You can shove that noob crap where the sun don't shine. On this forum I might be new. But I have owned my 240sx since 1996. Where were you? 1st grade? Have you even driven a car yet? Come talk to me when you get some actual wrench turning experience and not regurgetated knowledge you got off of here. As far as this thread goes, you aren't helping any either so don't get all high and mighty with me. 93blackser is the only one that has posted anything useful on this thread. He didn't ask what your opinion was on getting an R34 bodykit for his car. He asked if anyone could point him in the right direction because that is what he wants to do.


----------



## ronaldo (Feb 23, 2004)

i like how your talkin about useful information, when you yourself go on ramblin about nsx honda/acura bullshit, tell me what the hell you said that was so productive.... the guy wants to see wat the kit look like.. fuckin hypocrite
i admit i kept the nsx bs goin too, but only cause of a stupid previous statement you had made


----------



## howling_S13 (Feb 12, 2004)

Sweet, it's dead horse beating time. Check my last post again idiot. Tell me where it says Honda, Acura, or NSX. I didn't realize their are so many closet Honda lovers on here. 

Bullet23 I found a site that has the S15 front end conversion if that helps. I'm not positive, but I think you have to have the S15 headlights to do the R34 conversion. Maybe someone can verify that. Bodykits aren't my thing, but try here.

http://www.jspec.com/s15conversion.html


----------



## Johny5 (Sep 29, 2003)

"you have to have the s15 headlights to do the r34 conversion" 

and you're sitting here trying to justify jsp3c's so-called "Stupidity" with you're "i've been wrench turning blah blah blah since 1996 remark. any dumbass whos been researching nissans for more than 3 months can figure the difference between r34/s15. christ dude, don't fill this thread with your ignorant bullshit.

my advice, you'll need custom fenders, as i don't believe the front ends are the same widths. you'll obviously need the r34 headlights/maybe (probably) custom fitted hood/r34 bumper/r34 bumper lights/r34 grill of some sort/and some really custom fabbed core support work. your best bet imo is the r33 look-alike bumper then convert to kouki style lights, looks pretty agressive imo.


----------



## HondaHater (Aug 27, 2003)

dont forget this:


howling_S13 said:


> ...and calling an Acura NSX a Honda :dumbass:


he dont know shit at all. and he also called somebody a dumbass. haha. 


:dumbass:


----------



## howling_S13 (Feb 12, 2004)

HondaHater said:


> dont forget this:
> 
> he dont know shit at all. and he also called somebody a dumbass. haha.
> 
> ...


Nice miss quote :dumbass: Try reading the whole thing. "calling an Acura NSX a Honda is like calling a Mazda B4000 a Ford Ranger." Guess what, a Mazda B4000 is a Ford Ranger. Thanks for playing the flame game. Better luck next time. How did you do on your I.Q. test? Maybe next time you see something like this you will be better prepared.

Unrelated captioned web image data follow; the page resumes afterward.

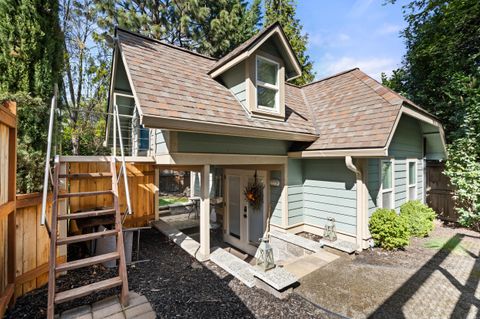 Tiny photo for 1625 Peachey Road, Ashland, OR 97520 (MLS # 220220059)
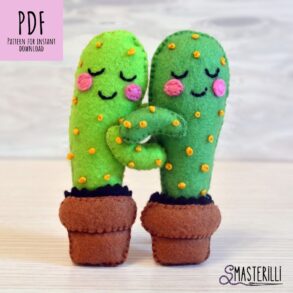 Felt cactus pattern & tutorial PDF for instant download. DIY felt cactus sewing pattern, easy stuffed felties for Valentine’s day gift. Two hugging cacti felt ornament for instant download. Pattern and tutorial by Smasterilli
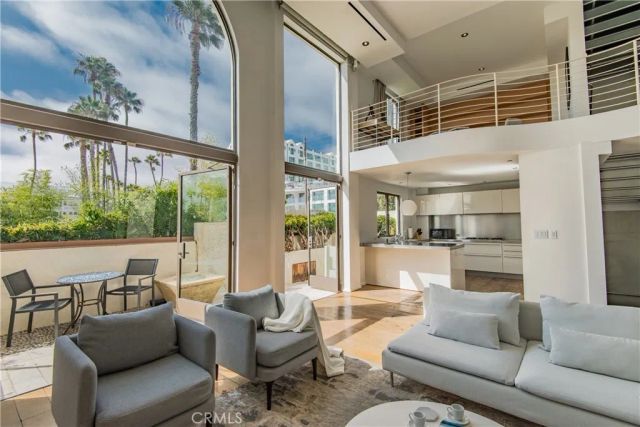 11 Marine Terrace 3, Santa Monica, CA 90401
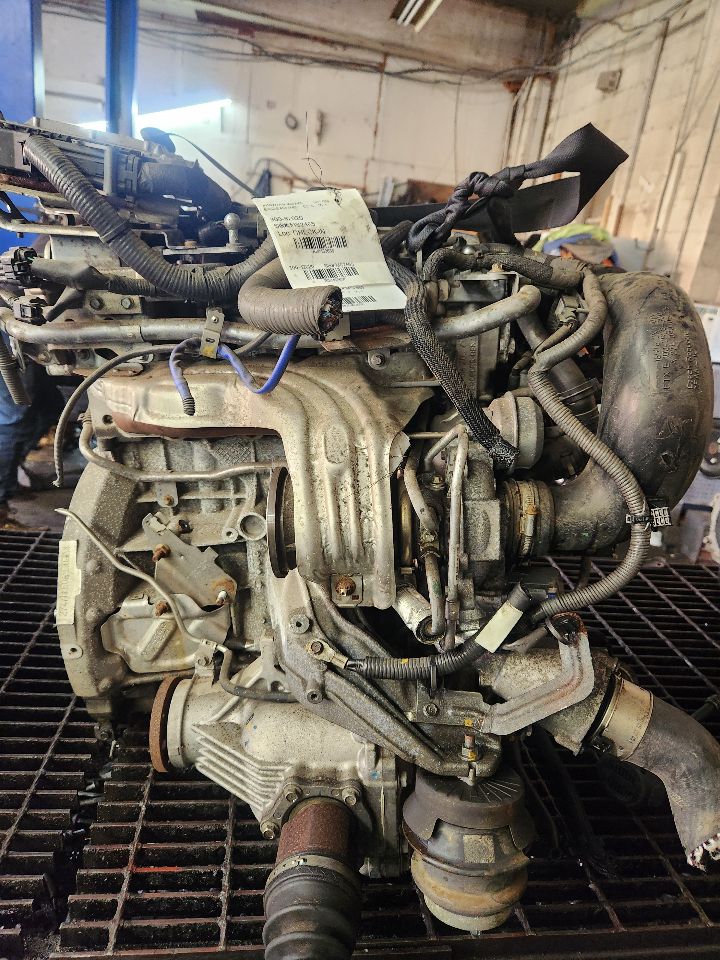2017 INFINITI Q50 4cyl Gasoline Turbo 2.0 ENGINE ASSEMBLY - 483636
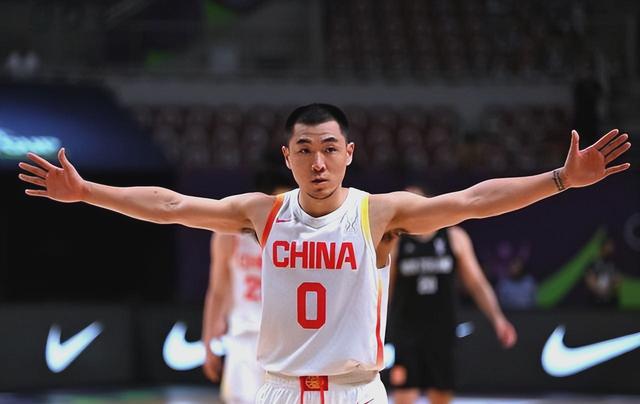 三亿体育体育app-国内球员全力拼搏，球队士气高涨的简单介绍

Mazda B4000 is to Ford Ranger as Acura NSX is to....

a. Ford Aerostar
b. Ferrari Modena
c. Honda NSX
d. all of the above


----------



## howling_S13 (Feb 12, 2004)

Johny5 said:


> "you have to have the s15 headlights to do the r34 conversion"
> 
> and you're sitting here trying to justify jsp3c's so-called "Stupidity" with you're "i've been wrench turning blah blah blah since 1996 remark. any dumbass whos been researching nissans for more than 3 months can figure the difference between r34/s15. christ dude, don't fill this thread with your ignorant bullshit.
> 
> my advice, you'll need custom fenders, as i don't believe the front ends are the same widths. you'll obviously need the r34 headlights/maybe (probably) custom fitted hood/r34 bumper/r34 bumper lights/r34 grill of some sort/and some really custom fabbed core support work. your best bet imo is the r33 look-alike bumper then convert to kouki style lights, looks pretty agressive imo.


Did you even click the link I provided? Or are you a flame first think later type? They sell the stuff required to do the S15 conversion so chances are they can steer him in the right direction. Your list of the obvious doesn't get him any closer to finding a dealer that might be able to supply him with what he is looking for. Researching Nissans for more than 3 months? What for? Are you bored? Any reason in particular? Maybe you should get a hobby. Or a girlfriend.


----------



## Johny5 (Sep 29, 2003)

dear god thats funny, being a zilvia.net member for quite some time now i think i'm well fucking familiar with www.jspec.com and all its glory. yes, i did click the link, yes, i'm aware thats the sale of an s15 conversion. but do you honestly think the r34 is an oem piece bolt-on? i mean, cmon capt. dumbfuck. i think you're jumping the gun as much as you say that i am. and that 3 months comment was a reference, for the little amount of time it would take anyone with normal brain capacity to figure out the difference, but for someone like you, give it 3 months minimum.


----------



## howling_S13 (Feb 12, 2004)

That's great captain obvious, why didn't you just give him that info in the first place? Could have saved us some time in useless back and forth flamage. I stated before that I don't know jack about bodykits. Simply because i don't care. It doesn't interest me. It took me all of 2 minutes to find that link. Thought I might help the guy out since no one else was providing any useful info. If this was something you had knowledge on, you should have simply stepped in sooner and provided because that's what this site is really about.


----------



## Johny5 (Sep 29, 2003)

please, you threw in your useless info to try and make your posts seem useful. i couldn't stand the fact that you were gonna try and mislead this guy and tell him that two totally different headlight configurations might fit so i commented. its not my thing either but i'm not gonna tell some guy two totally different pieces might fit together and try to pass it off as "help."


----------



## HondaHater (Aug 27, 2003)

Johny5 said:


> please, you threw in your useless info to try and make your posts seem useful. i couldn't stand the fact that you were gonna try and mislead this guy and tell him that two totally different headlight configurations might fit so i commented. its not my thing either but i'm not gonna tell some guy two totally different pieces might fit together and try to pass it off as "help."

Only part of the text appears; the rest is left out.